News: Turek tops at teaching battlefield concepts
Story by Staff Sgt. Jeremy Vought
CAMP PENDLETON, Calif. - He imparts infantry knowledge with ease and enthusiasm to tentative students better than anyone west of the Mississippi.
That's the consensus about Staff Sgt. Brett A. Turek, who was named West Coast School of Infantry Instructor of the Year in September.
Turek, a 16-year Marine Corps veteran, then competed against the East Coast SOI Instructor of the Year and is now the second-best infantry instructor in the Corps.
Since coming to teach at the Advanced Infantry Training Platoon Sergeants Course in July 2001, Turek has made his mark in the School of Infantry's instructor community.
For Turek, instructing Marines isn't a job but a lifestyle. Prior to arriving at SOI in September 2000, he built his career by educating Marines.
"Before the Marine Corps even added SOI instructor to the B-billet list, I believed and still believe I have the greatest job in the Marine Corps," said Turek, one of eight children hailing from a family in Hinsdale, Ill.
He said his selection "just reinforces how important the job at SOI is, and gives that much more substance to the creed 'every Marine a rifleman.'"
The School of Infantry is broken into three entities: Infantry Training Battalion, Marine Combat Training Battalion and Advanced Infantry Training Company.
After nominating the top instructor from each SOI section, a board of sergeants major and senior instructors critiqued two classes conducted by each instructor. The process takes three to four months, according to 1st Sgt. K.W. Crutcher, AIT first sergeant.
On top of observing the instructors in class, the board held a mock meritorious promotion board, which consisted of a uniform inspection, tests of Marine Corps knowledge, SOI familiarity and other academic and occupational tests.
The board looks for platform presence, ability to disseminate knowledge, ability to learn and subject-matter expertise.
"My philosophy is that anyone can give a period of instruction, but few can truly teach," said Turek.
Turek is a whiz on subject matter, Crutcher said.
"He has the ability to break things down so anybody can understand it," he said. "He goes from A to Z and gets everything in between.
"On top of just learning and teaching the bare minimum material, Turek researches and teaches much more."

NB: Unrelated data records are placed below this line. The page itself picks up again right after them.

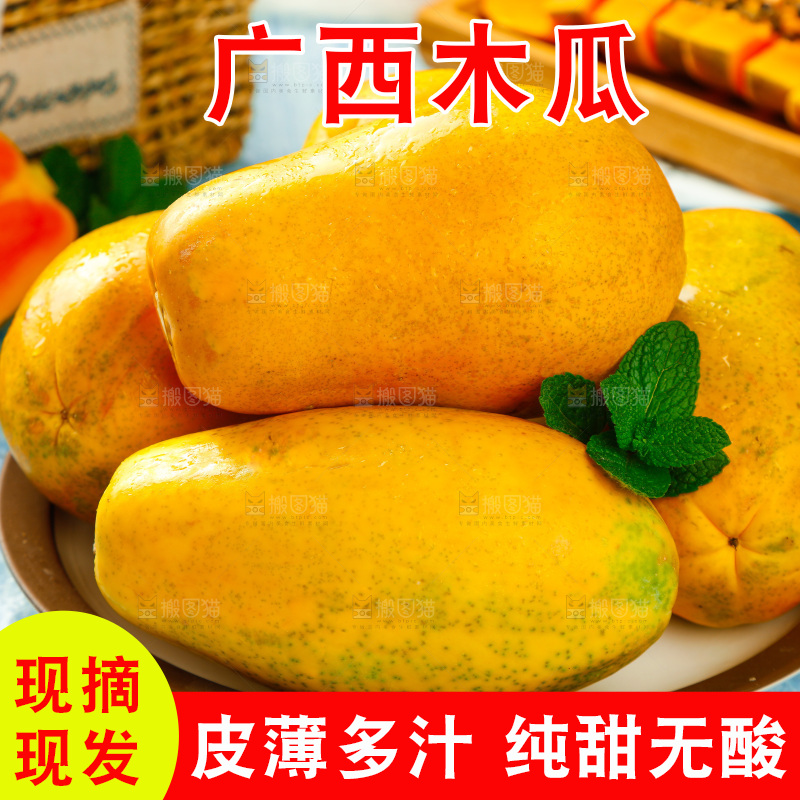 盘子里的广西冰糖心木瓜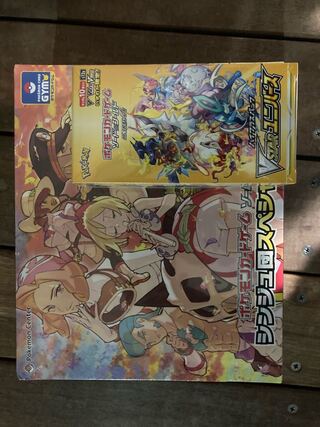 Unopened box of Pokémon cards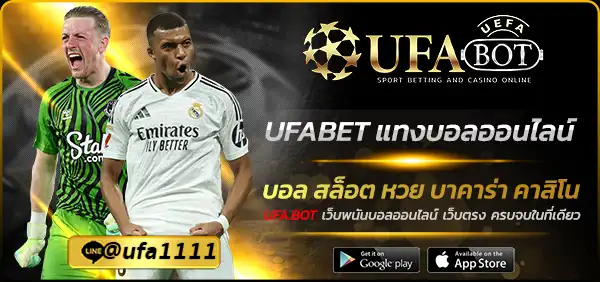 UFABET แทงบอลออนไลน์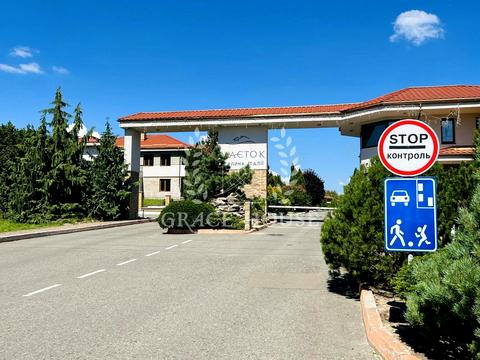 будинок за адресою Струмкова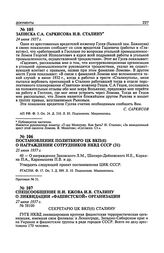 Спецсообщение Н.И. Ежова И.В. Сталину о ликвидации «фашистской» организации. 27 июня 1937 г.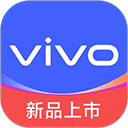 vivo商城app安卓最新版2025v10.9.0.6 安卓版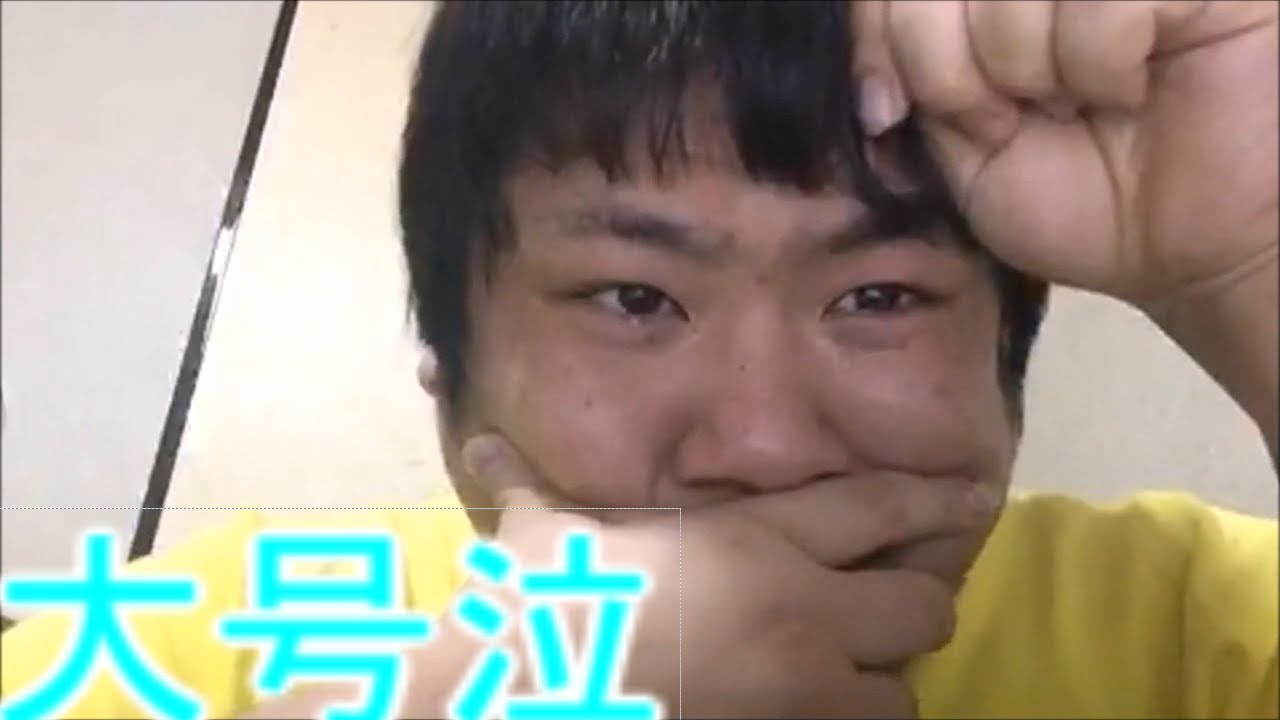 唯一の親友に見捨てられ大号泣するニート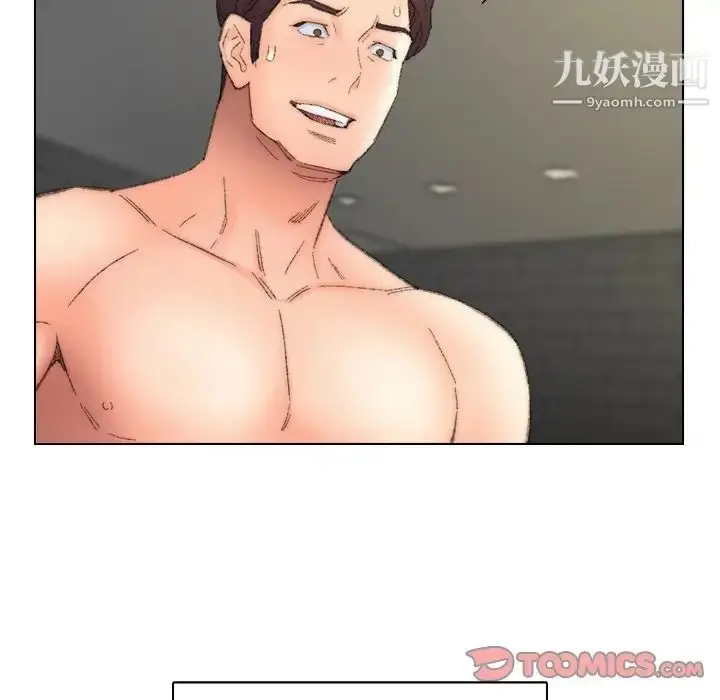 漫画《爸爸的朋友》第53话第66张图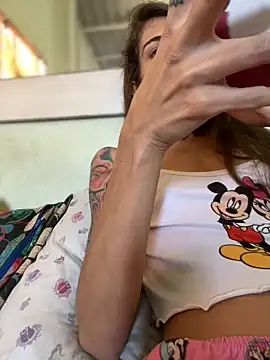 Unanena webcam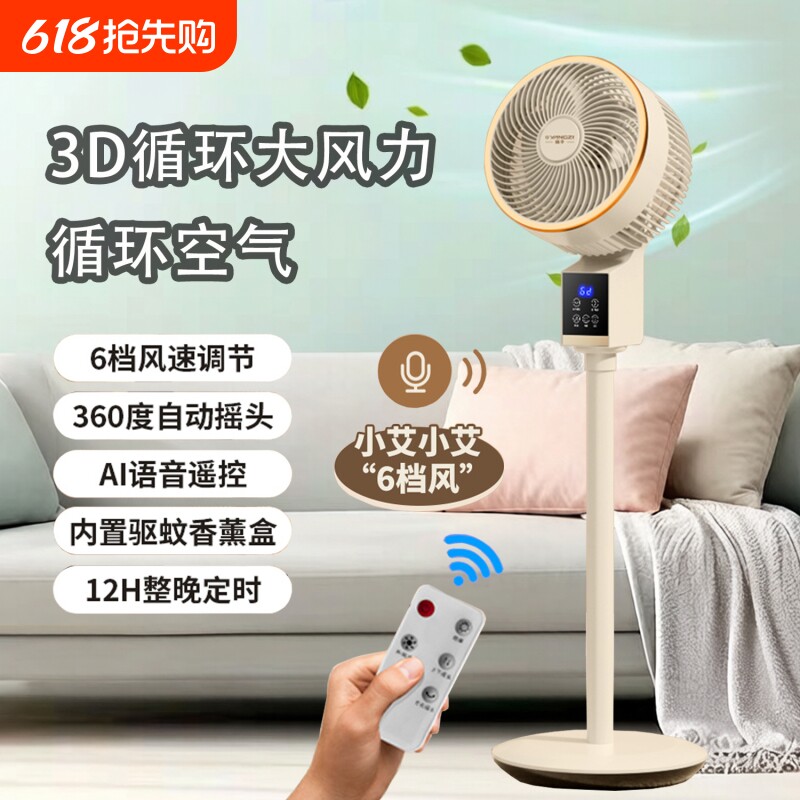 扬子空气循环扇电风扇家用摇头立式落地扇大风力新款台式宿舍电扇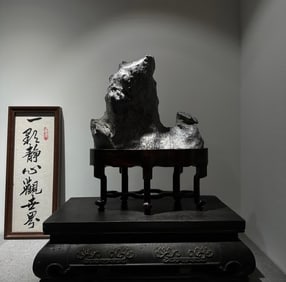 A Qing Dynasty Lingbi stone study ornament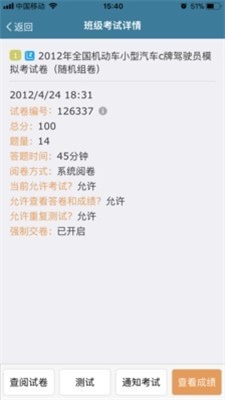 考试酷examcooapp  v5.2.2图2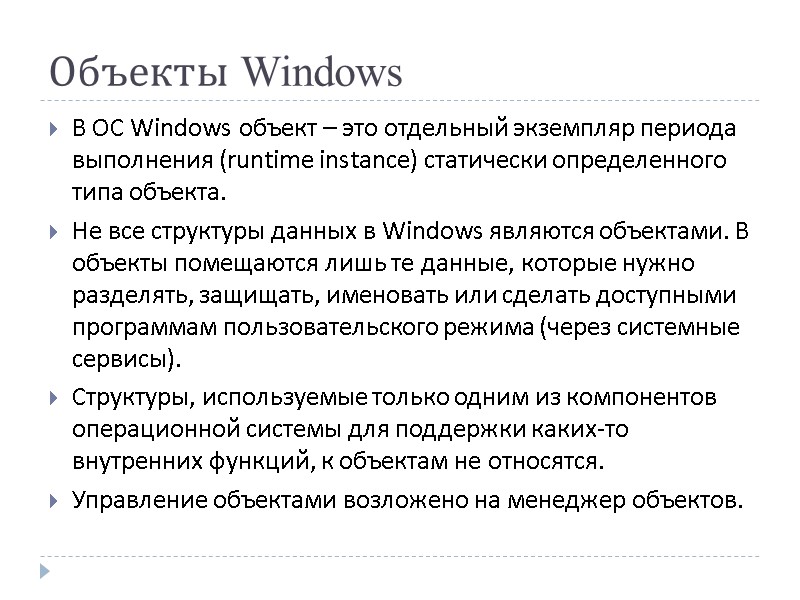 Объекты Windows В ОС Windows объект – это отдельный экземпляр периода выполнения (runtime instance)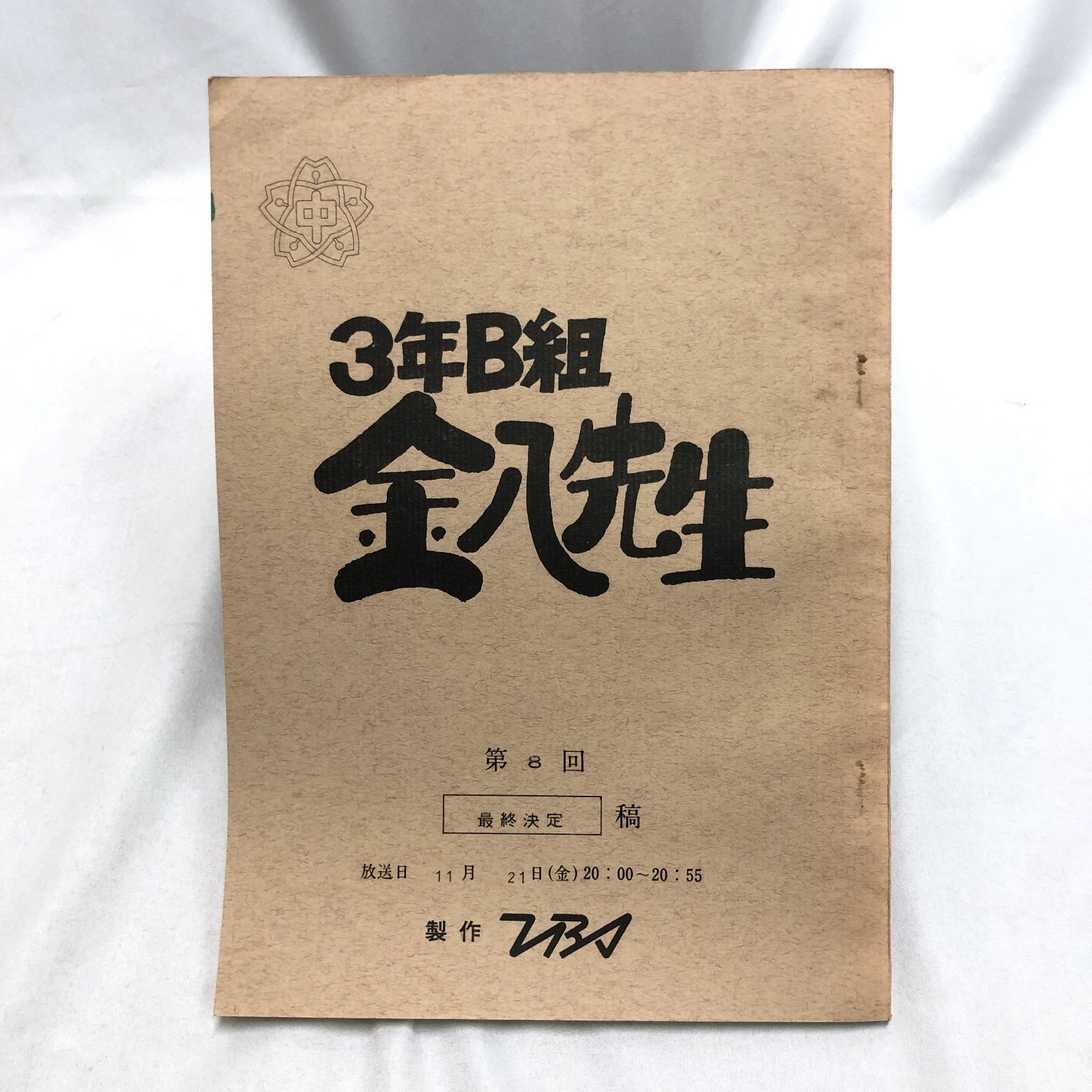 3年B組金八先生 台本 第2シリーズ 第8回 3B学習発表会2 TBSドラマ 武田鉄矢主演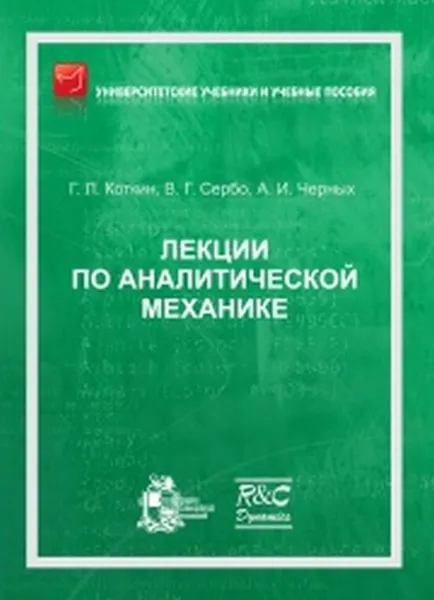 Обложка книги Лекции по аналитической механике, Г. Л. Коткин, В. Г. Сербо, А. И. Черных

"Most instructors I've had in the past read straight off the Power Point, but he doesn't need to read the material," said Sgt. Erick L. Jones, an AIT student. "He knows what's going on."
In a little more than a year at AIT Company, Turek has logged nearly 500 hours of instruction, plus numerous hours outside the classroom.
In the classroom, humor is Turek's ally.
"He explains things common-sense, with a touch of humor and definitely not dry," said Sgt. Matt J. Harden, an AIT student. "He'll go over a topic until everyone gets it."
"I like to make the classroom fun and relaxed," Turek said.
Sgt. Bill Cramer, an AIT student, succinctly summed up Turek's teaching style as "down and dirty, to the point."
Any instructor can read off a video screen, but it takes a true teacher to mentally lift the students out of their seats and place them in the battlefield.
"He paints a mental picture and relates it to things on the battlefield," said Staff Sgt. Camilo Gutierrez Jr., another AIT student.
No doubt part of Turek's success stems from his love for what he does.
"I'm glad of the billet I have now because it gives me the chance to spread the knowledge and experience I have gained through my time in the Marine Corps," Turek said. "I have so much fun passing the knowledge that I have gained to others.
"If you're not having fun in what you're doing then why do it?"